DOM Scraping Together a Datalayer for Google Analytics Ecommerce Tracking

Google Analytics' e-commerce tracking is generally the most developer-intensive part of a Google Analytics implementation, because it requires a developer-built data layer on the transaction confirmation page. The data layer collects all the relevant data -- the transaction ID, the checkout total, the product names, the prices, and so on -- and lays them out in an standardized syntax that can be read by Google Tag Manager and sent off to GA's servers.

But what if... you had to implement e-commerce tracking without any outside developer assistance, entirely through Google Tag Manager?

This post will show how to set up e-commerce tracking on your own, entirely through GTM. There will still be an e-commerce data layer, but you'll build it yourself, by scraping the data you need off the page and adding it to a custom HTML tag. Since this type of DOM scraping isn't reliable in the long run, this tracking should usually just be used for protoyping, short term patches, or cases where there's no other option (it happens). For this example we'll use GA's Standard Ecommerce Tracking, but you could modify the script slightly for Enhanced Ecommerce.

Please note that this endeavor requires the ability to identify CSS selectors and edit some basic JavaScript. I've provided complete code snippets, but you will likely need to adjust them for your own site.

COLLECT THE DATA INTO VARIABLES

These are the required elements for ecommerce tracking, as shown in Google Tag Manager's documentation on the Google Analytics data layer requirements for ecommerce tracking.

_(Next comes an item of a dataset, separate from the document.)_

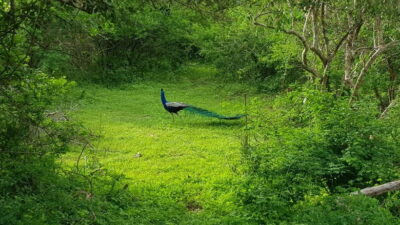 Sri Lanka Nature, culture, history and wildlife in 4 days - Day 1: Colombo to Kandy via Peradeniya Botanical Garden and the Temple of the Tooth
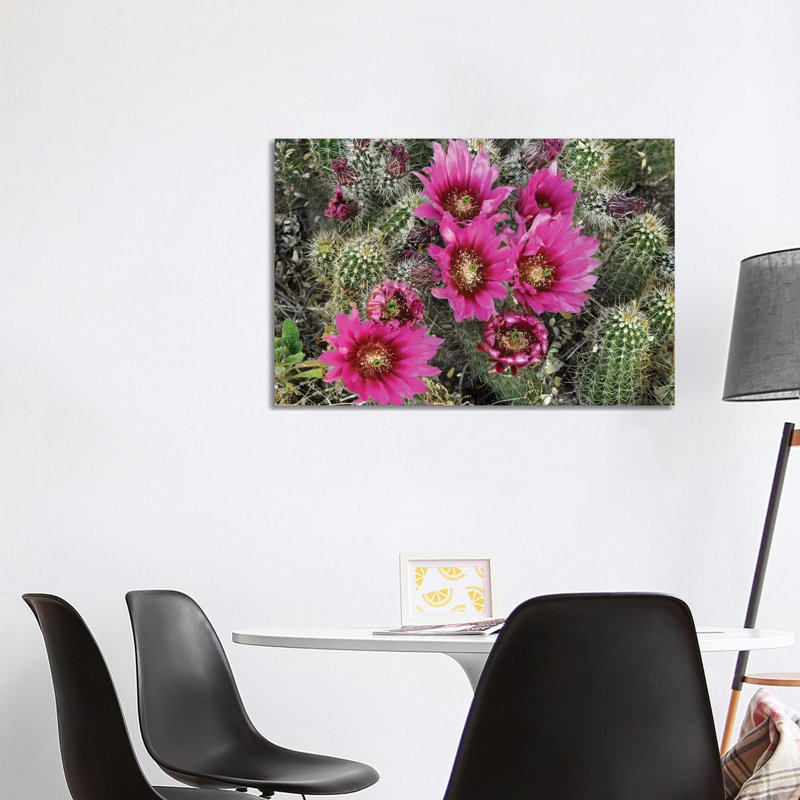 Hedgehog Cactus Flowering, Arizona by Tim Fitzharris - Wrapped Canvas Print, 101.6 cm H x 66.04 cm W x 1.91 cm D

dom-scraping-ecommerce-img3

What this means is that at a minimum we only need to set up variables that collect the transaction ID and transaction total. All the Product Data values are located inside the transactionProducts array, which is optional. However since this aspect of ecommerce tracking is usually included, I'll show how to include it here as well. Let's go through the process of collecting these off the page.

SCRAPING TRANSACTION DATA

The transaction data is very straightforward, because there's only one transaction ID and one total per checkout. To access these, inspect the page to find their selectors.  Here I've hovered over the transaction total on an ecommerce site and right-clicked to select Inspect and open the Developer Tools pane, revealing the following:

dom-scraping-ecommerce-img4

This shows that the Total value is located under div class = "order-summary:total", and can be accessed via this JS snippet:

document.querySelector("div.order-summary\\:total span:nth-child(2)").innerText;

Since that returns a string, we also need to convert it into a number, by adding this to the end:

.replace(/[^0-9\.-]+/g,"")

Putting it all together, in GTM we navigate to Variables > New >  Custom JavaScript and enter the following:

function(){
  return document.querySelector("div.order-summary\\:total span:nth-child(2)").innerText.replace(/[^0-9\.-]+/g,"");
}

The completed Variable should look like this:

dom-scraping-ecommerce-img5

Repeat the above for the transaction ID. Since the transaction ID doesn't have to be a number, you can leave off the .replace(/[^0-9\.-]+/g,"") part of the function.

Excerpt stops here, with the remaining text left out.